As we have seen, it is best to normalize the data to remove obvious movie- or user-specific effects. We will just use one very simple type of normalization that we used before: conversion to z-scores.
Unfortunately, we cannot simply use scikit-learn's normalization objects as we have to deal with the missing values in our data (that is, not all movies were rated by all users). Thus, we want to normalize by the mean and standard deviation of the values that are, in fact, present.
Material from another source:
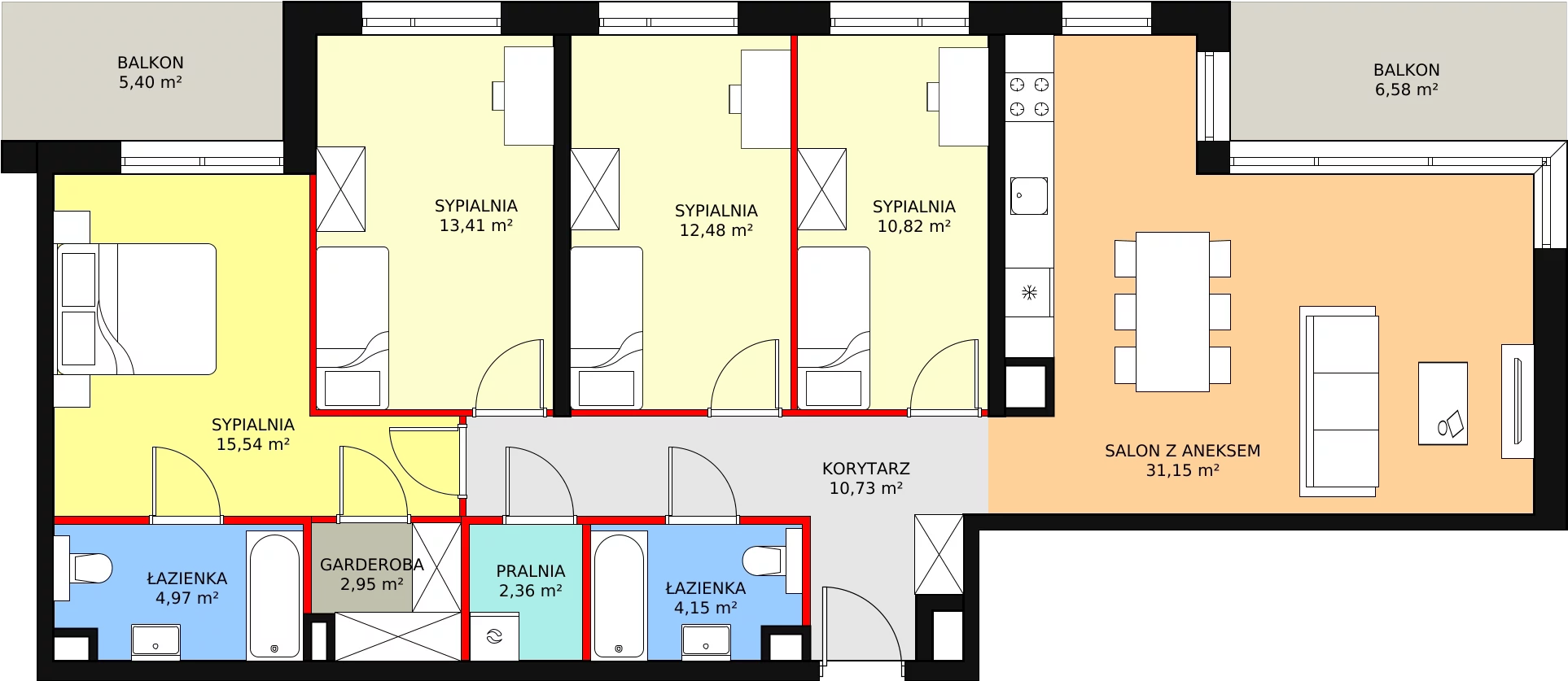 5 pokoi, mieszkanie 108,56 m², piętro 1, oferta nr A.1.1, ATAL Symbioza, Gdynia, Cisowa, ul. Kcyńska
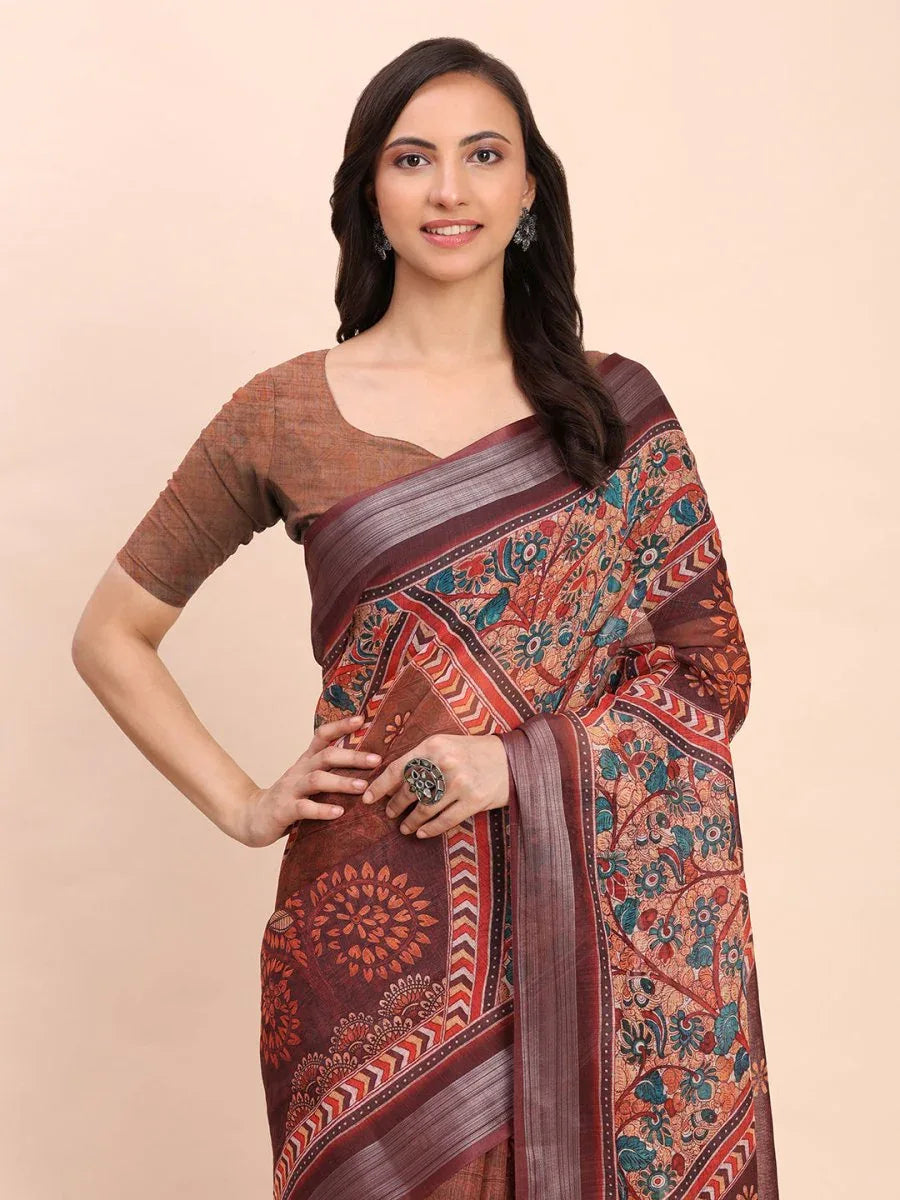 Brown SANSKRIT PRINTS Linen Cotton Saree with Blouse Piece - EZBER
We will write our own class that will ignore missing values. This class will follow the scikit-learn preprocessing API. We can even derive from scikit-learn's TransformerMixin class to add a fit_transform method:
from sklearn.base import TransformerMixin class NormalizePositive(TransformerMixin):
We want to choose the axis of normalization. By default, we normalize along the first axis, but sometimes it will be useful to normalize along the second one. This follows the convention of many other NumPy-related functions:
def __init__(self, axis=0):
self.axis = axis
The most important method is the fit method. In our implementation, we compute the mean and standard deviation of the values that are not zero. Recall that zeros indicate missing values:
def fit(self, features, y=None):
If the axis is 1, we operate on the transposed array as follows:
if self.axis == 1:
features = features.T
# count features that are greater than zero in axis 0:
binary = (features > 0)
count0 = binary.sum(axis=0)
# to avoid division by zero, set zero counts to one:
count0[count0 == 0] = 1.
# computing the mean is easy:
self.mean = features.sum(axis=0)/count0
# only consider differences where binary is True:
diff = (features - self.mean) * binary
diff **= 2
# regularize the estimate of std by adding 0.1
self.std = np.sqrt(0.1 + diff.sum(axis=0)/count0)
return self
We add 0.1 to the direct estimate of the standard deviation to avoid underestimating the value of the standard deviation when there are only a few samples, all of which may be exactly the same. The exact value used does not matter much for the final result, but we need to avoid division by zero.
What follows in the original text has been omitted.